* [To do]
All of the data below must be reproduced word for word, but without its images.

Recorded data Block Start

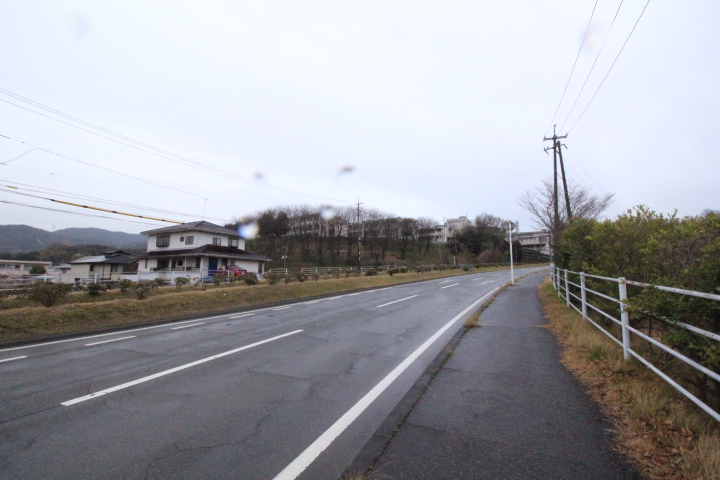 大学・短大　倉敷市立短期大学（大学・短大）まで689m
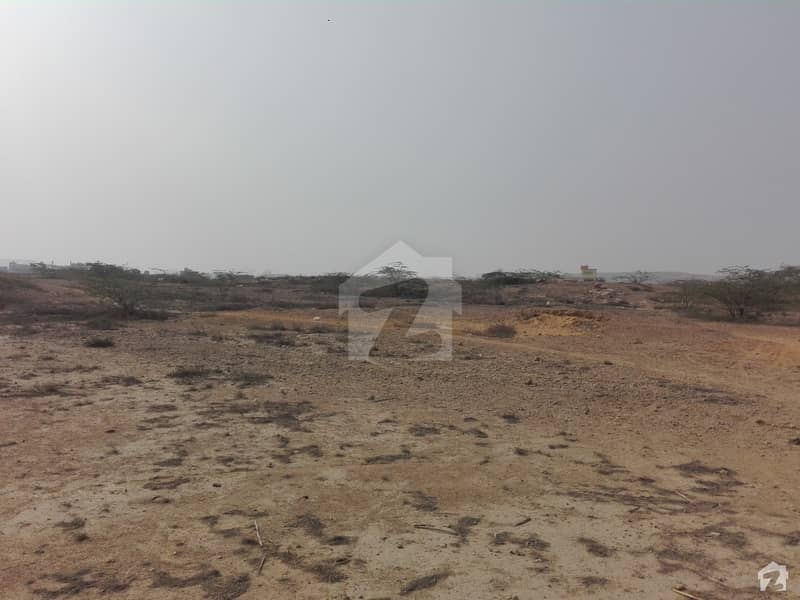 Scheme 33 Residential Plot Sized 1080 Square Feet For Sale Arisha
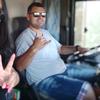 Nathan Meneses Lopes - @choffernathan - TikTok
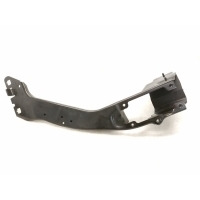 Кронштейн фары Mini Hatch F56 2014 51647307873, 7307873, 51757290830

Recorded data Block End

* [Exercise answer]
 大学・短大　倉敷市立短期大学（大学・短大）まで689m
 Scheme 33 Residential Plot Sized 1080 Square Feet For Sale Arisha
 Nathan Meneses Lopes - @choffernathan - TikTok
 Кронштейн фары Mini Hatch F56 2014 51647307873, 7307873, 51757290830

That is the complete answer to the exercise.